PEMCo's latest production is truly impressive

With "Ragtime," the Pasquerilla East Musical Company takes a sweeping step into deeper and far more serious territory than it has ventured towards before. Tackling such issues as poverty, racism, motherhood, love and the spectacle of the "American dream," PEMCo's "Ragtime" is a rousing success.

By far the most ambitious production that PEMCo has undertaken in recent memory, the strength of "Ragtime" is a testament to the power of a magnificent score and an earnest, energetic cast. Quelling doubts regarding how well an amateur cast of students could tackle "Ragtime," a musical rife with deep social, political and emotional strife, the production is impressively well done.
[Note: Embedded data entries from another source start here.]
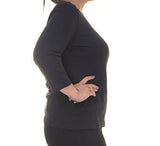 Solid ThreeQuarter Sleeve Top Size Xs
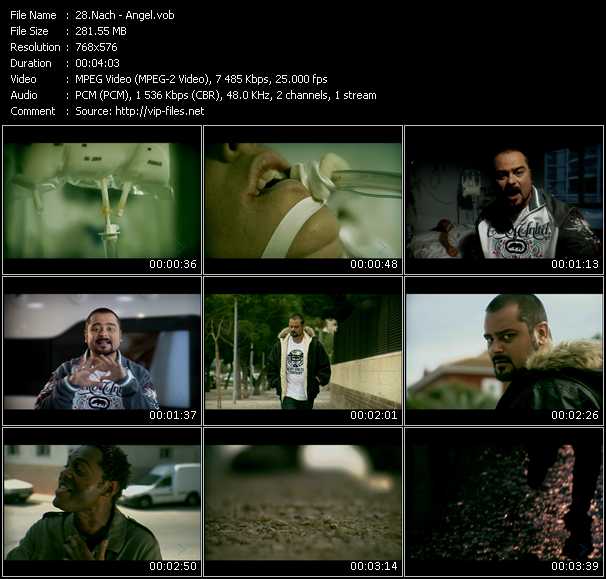 Nach video ”Angel” from dvd ”MixMash Urban January 2009”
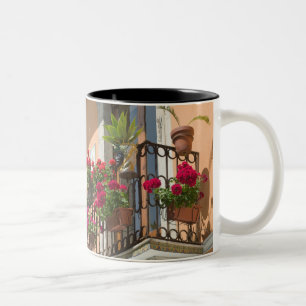 ITALY, Sicily, TAORMINA: Corso Umberto 1, Two-Tone Coffee Mug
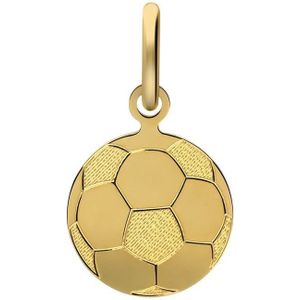 Lucardi Kinder Zilveren goldplated hanger voetbal - Hanger - 925 Zilver - Goudkleurig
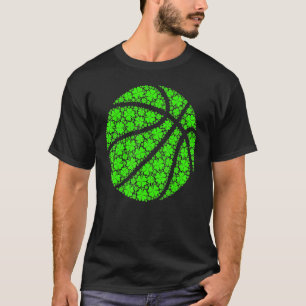 Camiseta Bola de Basquete - Shamrock Irish Lucky Clover Rua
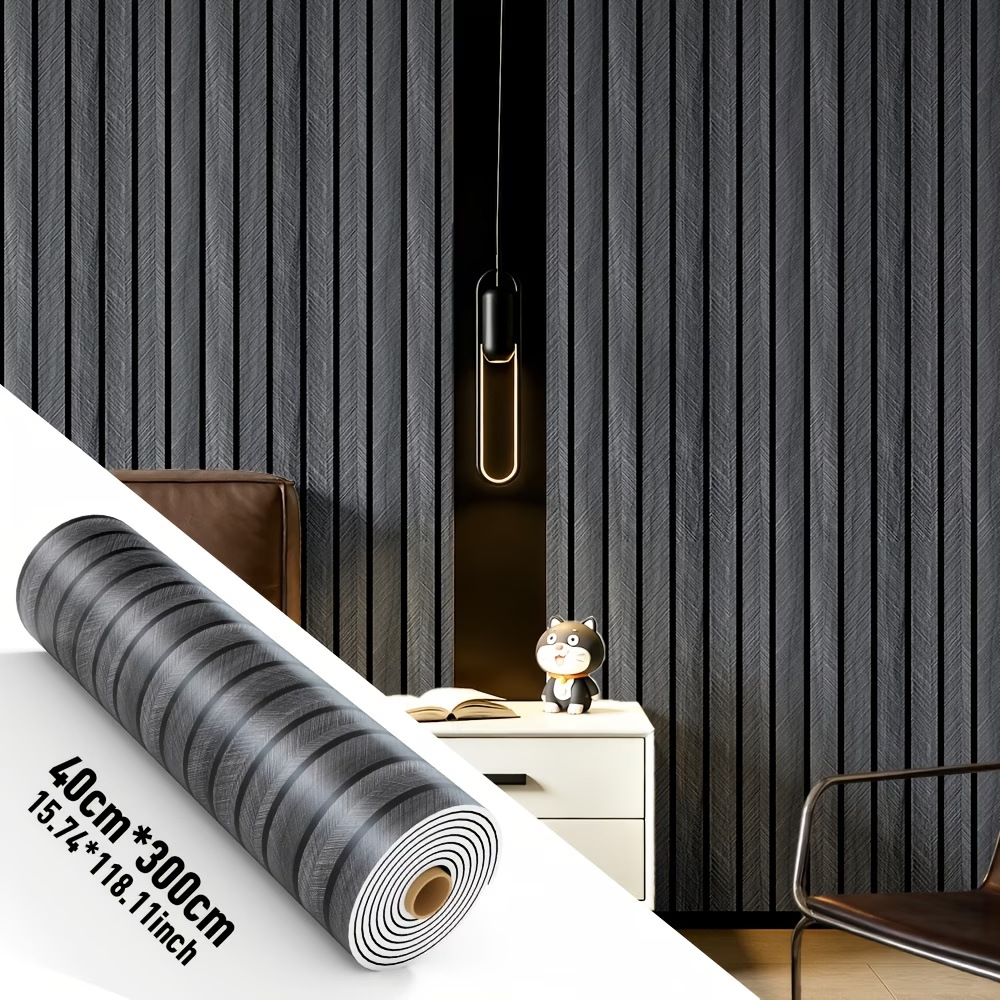 Pvc Panel Background - ألواح جدارية ذاتية اللصق بنقش خشبي،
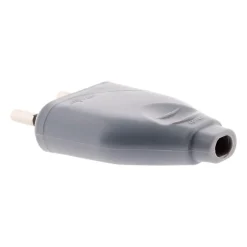Lot de 10 fiches mâles 2P 6A - Gris - Zenitech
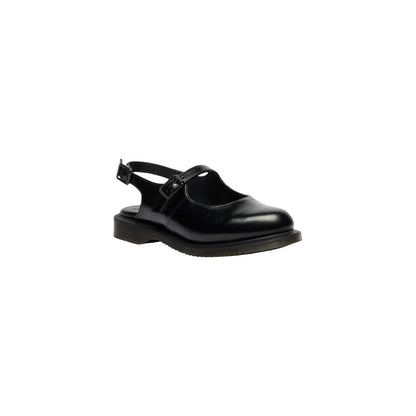 Dr. Martens Black Leather Flat Sandals
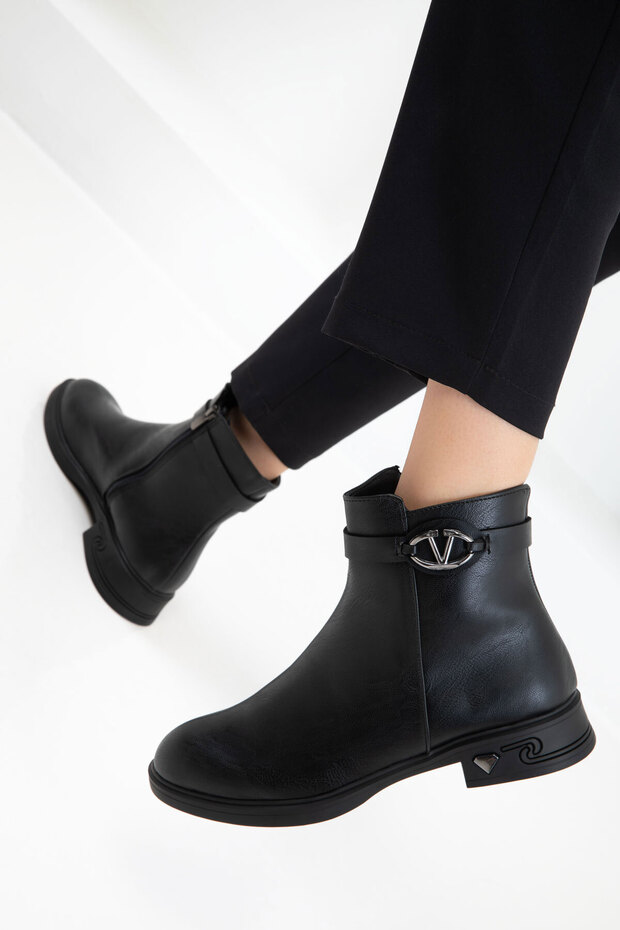 Siyah Kadın Bot & Bootie 21121 - 2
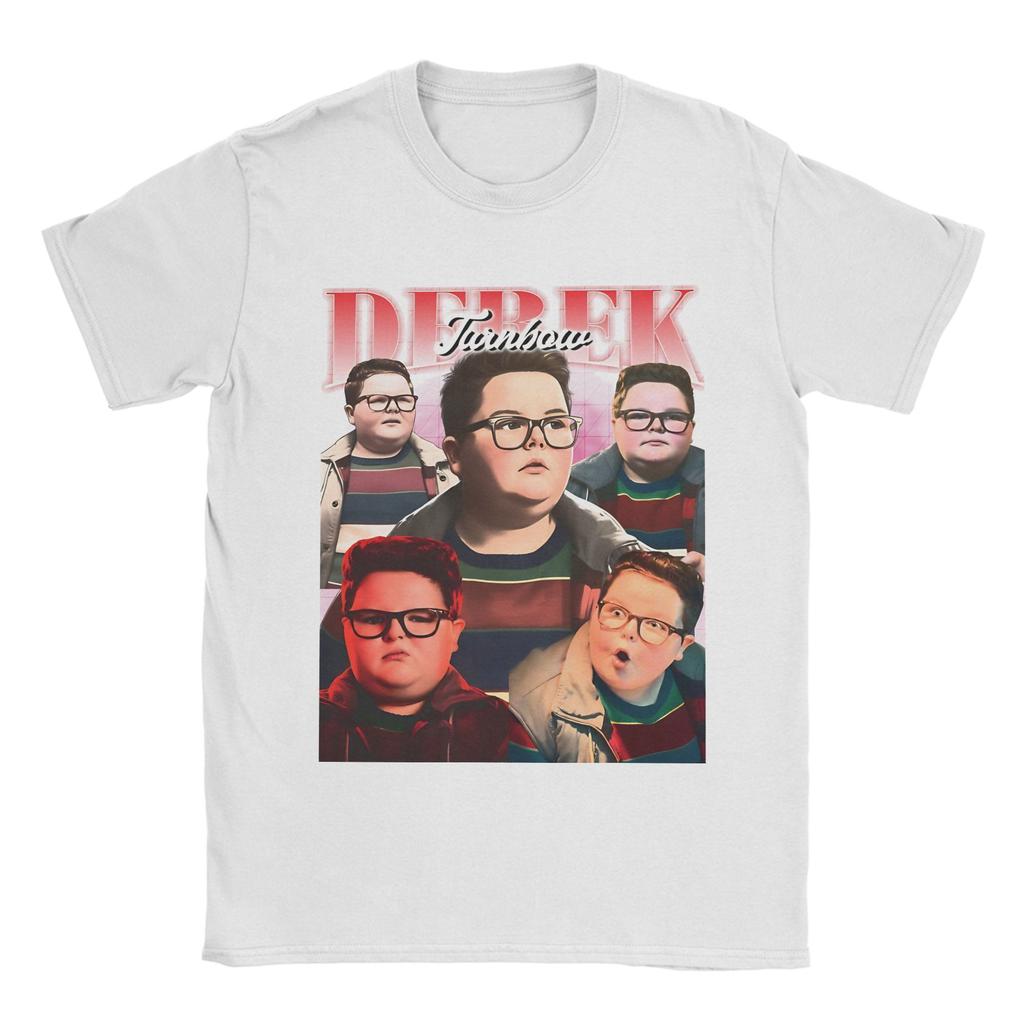 Unique Derek Stranger TShirt for Unisex Round Collar Cotton T Shirts Steve Short Sleeve Tee Shirt Adult Clothes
The complex and interwoven plot is set up very well with the play's opening number, "Ragtime," which juxtaposes against one another three central, conflicting groups: the upper-class, white community of La Rochelle, New York, the mass groups of immigrants from Eastern and Western Europe and the residents of New York's Harlem, and each group gives rise to a central plotline. In Harlem, ragtime-playing pianist Coalhouse Walker (Kyle Carter) intoxicates dancers with his rebellious new type of music. In New Rochelle, a typical American family headed by Mother and Father (Jacqui Acuña and Tim Politano) lives a seemingly content life of economic success. Lastly, in the Lower East Side neighborhoods of New York, Latvian immigrant Tateh (Tim Masterton, also co-producer) strives, like millions of others, to capture his piece of the great American pie.

If, for any reason, a potential audience member were contemplating not seeing "Ragtime," Kyle Carter's performance as Coalhouse Walker should and will overwhelmingly persuade them to change their mind as soon as possible. Carter is remarkable in a role most doubted could be even adequately filled; he is magnetic, sweet, affable, powerful and altogether extraordinary.

The depths of his surprisingly impressive voice and his mastery of Coalhouse's emotional range are striking, and, to his credit, his strengths as a performer firmly anchor the show.

Acuña, as well, demonstrates her notable skill as a musical theater actress, playing the role of the unknowingly forward-thinking Mother with grace and subtlety, as well as her possessing a simply beautiful voice.

Other cast members of particular note include Will McAuliffe as Younger Brother, a man seemingly lost in the early twentieth century's tumultuous change who finds an unexpected calling; Allison Giovinazzo as Evelyn Nesbitt, a scandal-ridden media darling whose moral ambiguities capture the attention of a nation; Andrew Wright as Booker T. Washington, a figure whose educated, peace-conscious attitude towards race relations comes in jarring conflict with episodes of racially motivated violence.

The play asks several difficult questions of its audience about the truthfulness of possibility and social mobility in America - specifically the America of a century ago, with the existence of Jim Crow laws and dirty tenements rampant, but these questions are, no doubt, still very meaningful for audiences today. With symbols of great promise, like Coalhouse's beloved Ford Model T, come also failure, unhappiness and death. The cast does a fine job of articulating the nuances of these issues, well aided by the strength of the source material.